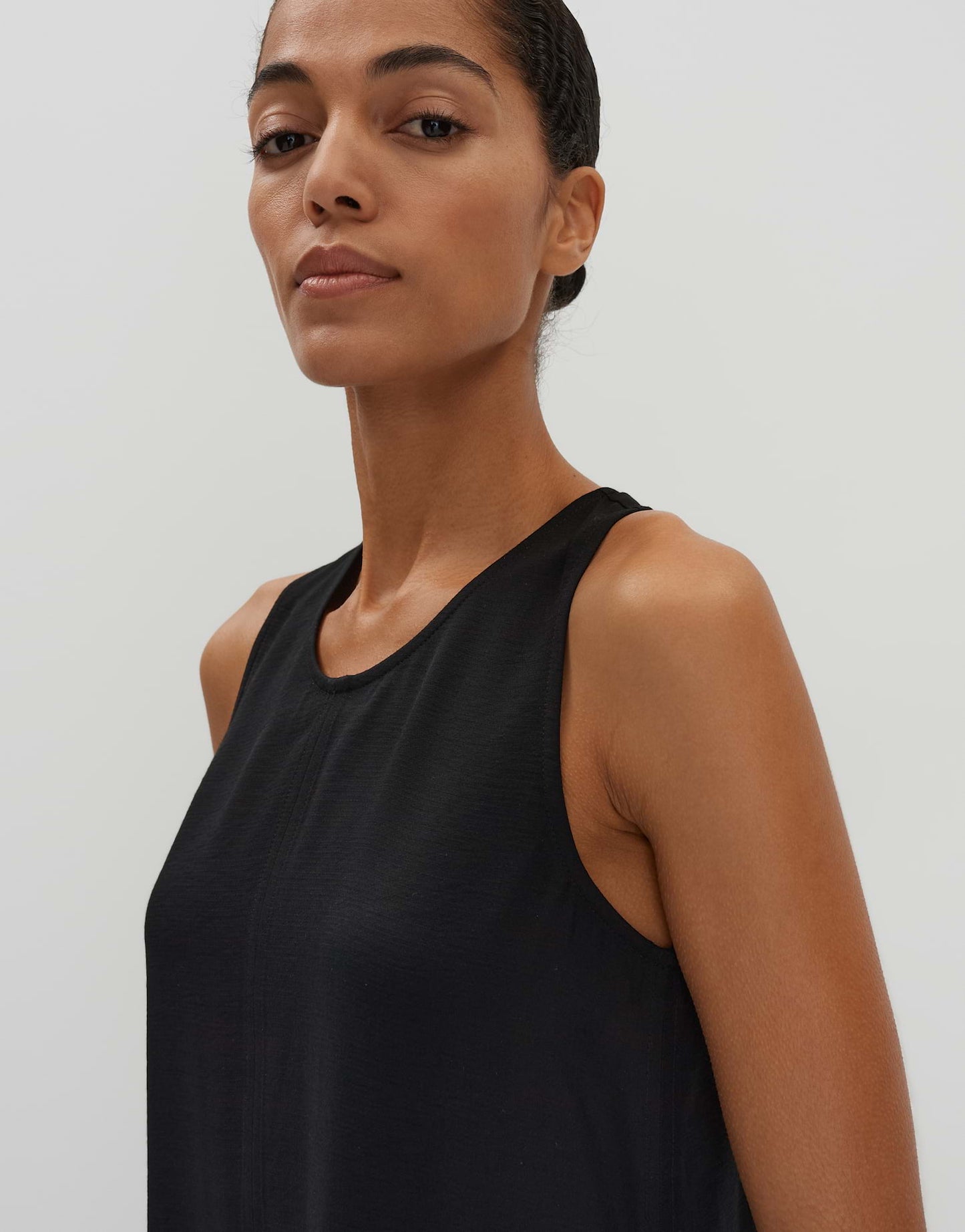 Qhili (Black)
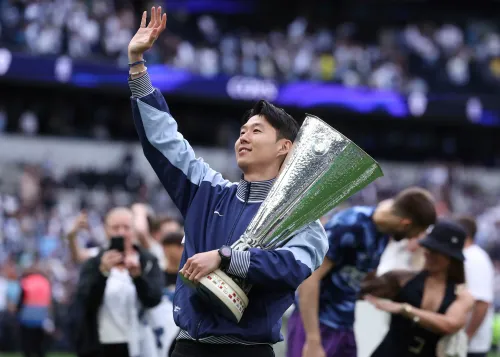 سون هيونج مين، نجم كرة القدم الكوري الجنوبي، يحتفل برفع كأس الدوري الأوروبي بعد فوز توتنهام على مانشستر يونايتد.
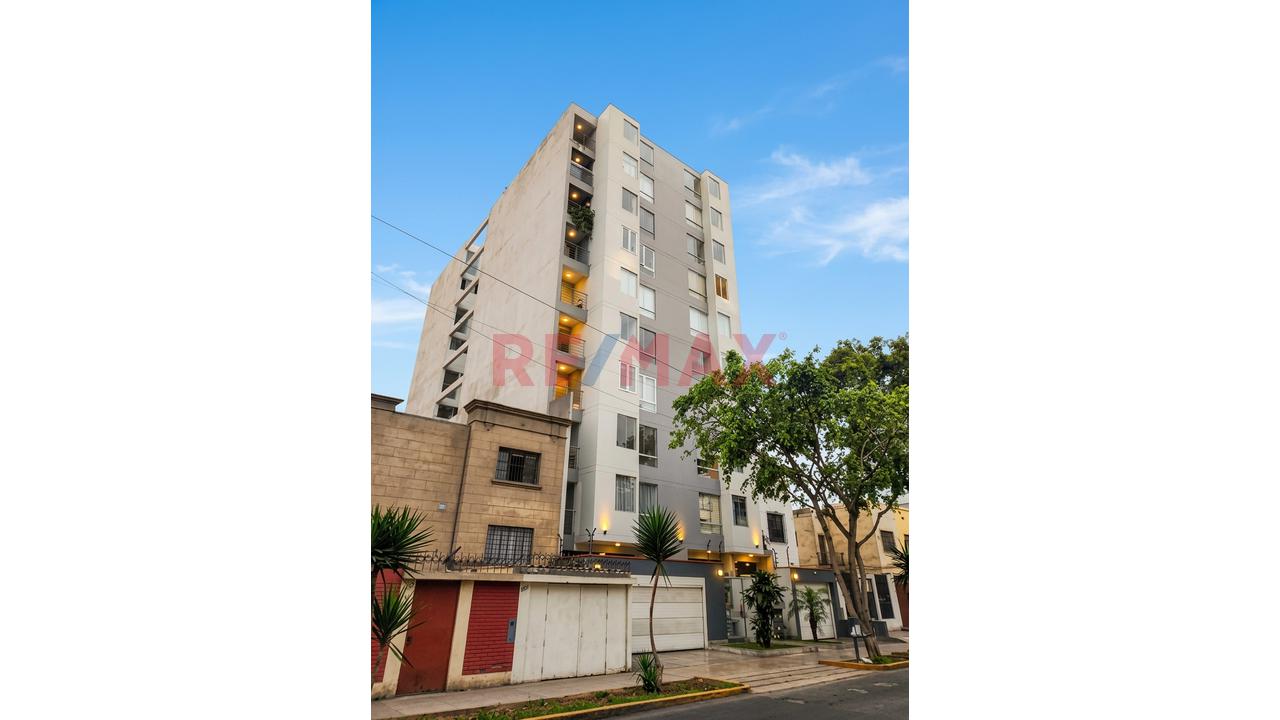 Se Vende Excelente Departamento En Jesus Maria Piso 10, Tiene 85.70 M2 + Aires Por 85.70 Inscritos En Sunarp, 3 Dorm - Doble Cochera Lineal — foto 2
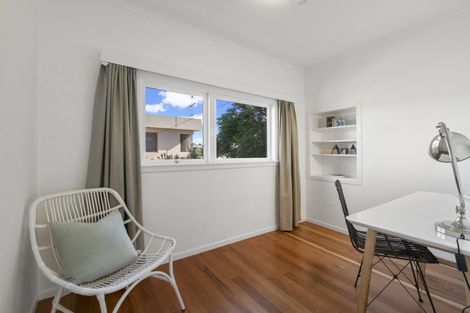 Photo of property in 1/1a Scarboro Terrace, Murrays Bay, Auckland, 0630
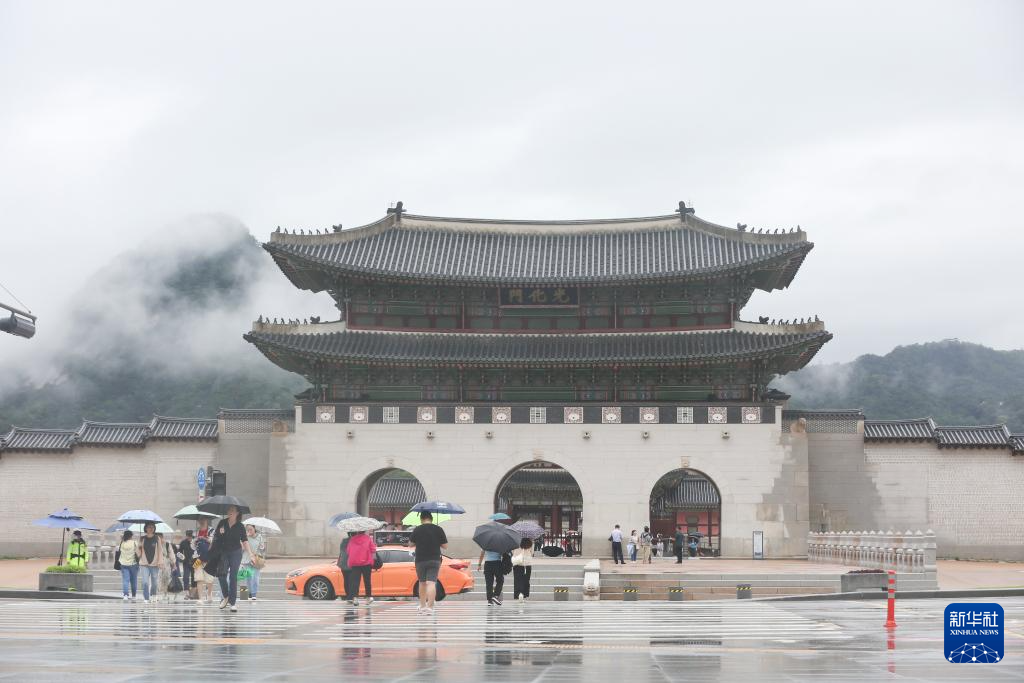 韩国首尔持续降雨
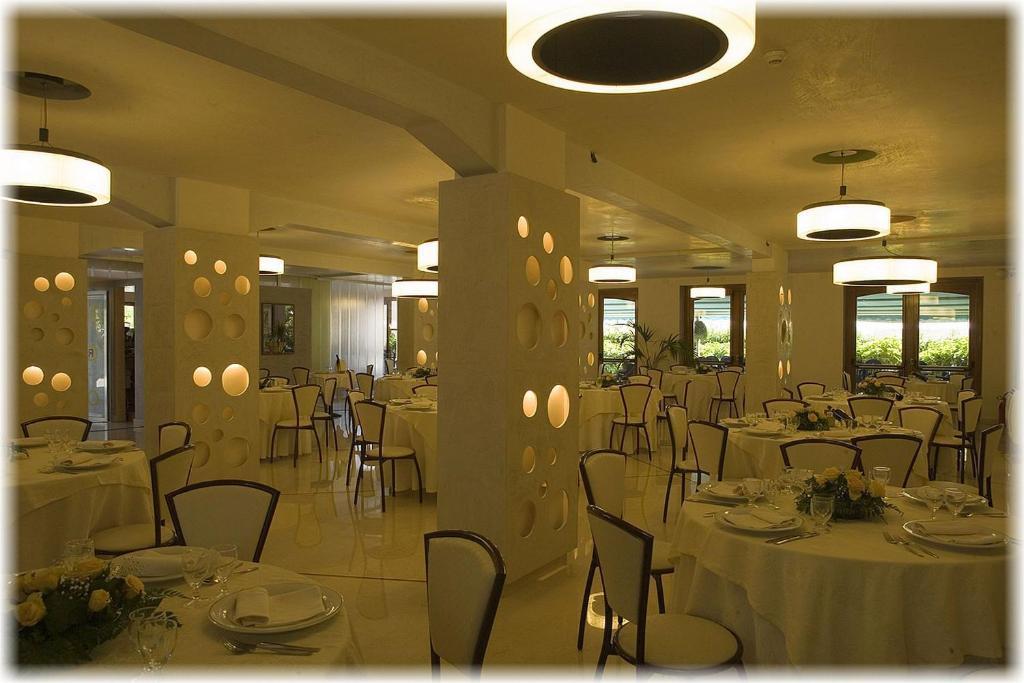 Hotel Ristorante Cavaliere Scario Eksteriør bilde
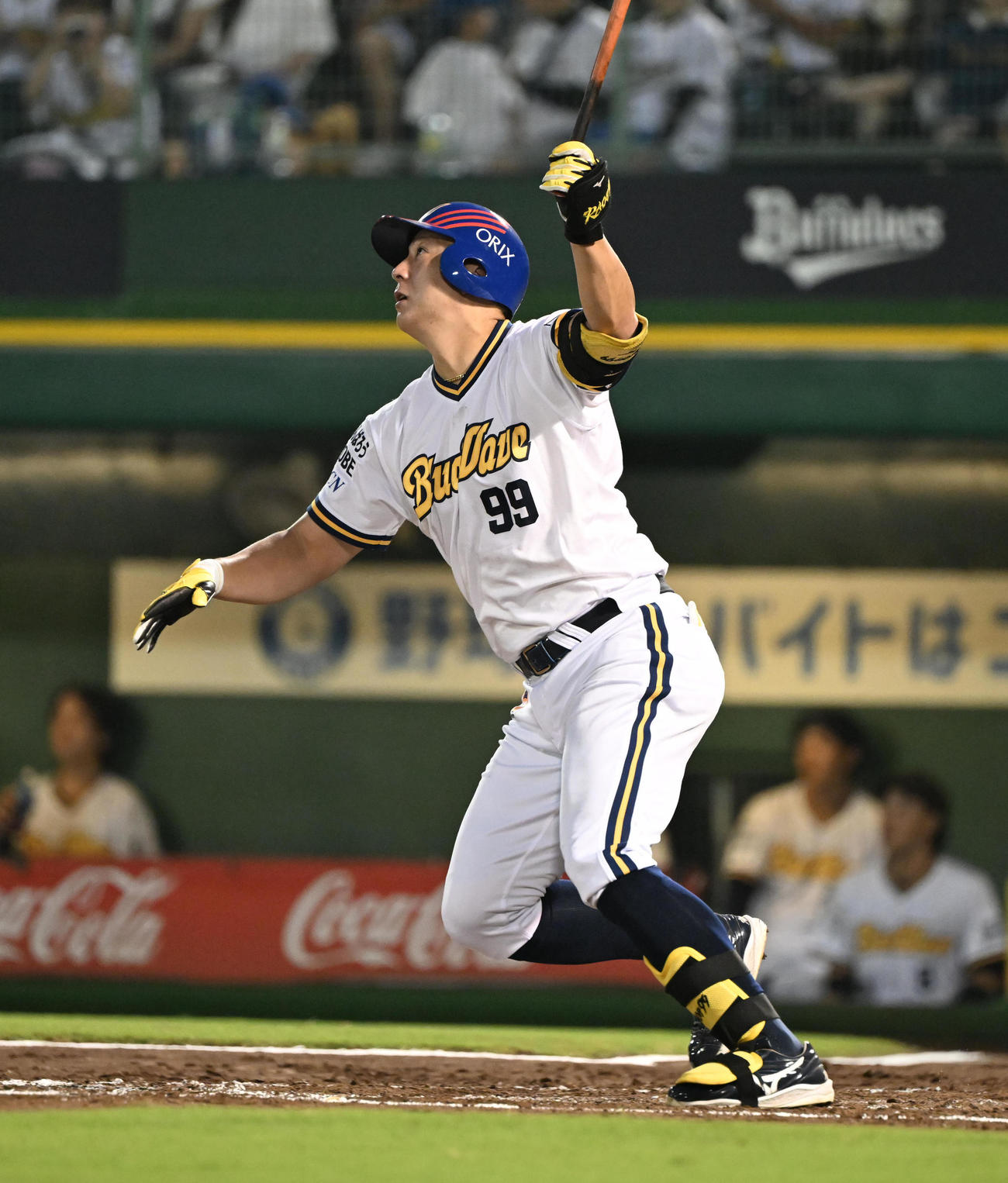 オリックス対ロッテ　2回裏オリックス無死、中越え本塁打を放つ杉本（撮影・和賀正仁）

## What is being asked
Reproduce exactly, and only, the lines from the opening line of the listing above through the line holding "Se Vende Excelente", minus the pictures.

## Exercise result
 Qhili (Black)
 سون هيونج مين، نجم كرة القدم الكوري الجنوبي، يحتفل برفع كأس الدوري الأوروبي بعد فوز توتنهام على مانشستر يونايتد.
 Se Vende Excelente Departamento En Jesus Maria Piso 10, Tiene 85.70 M2 + Aires Por 85.70 Inscritos En Sunarp, 3 Dorm - Doble Cochera Lineal — foto 2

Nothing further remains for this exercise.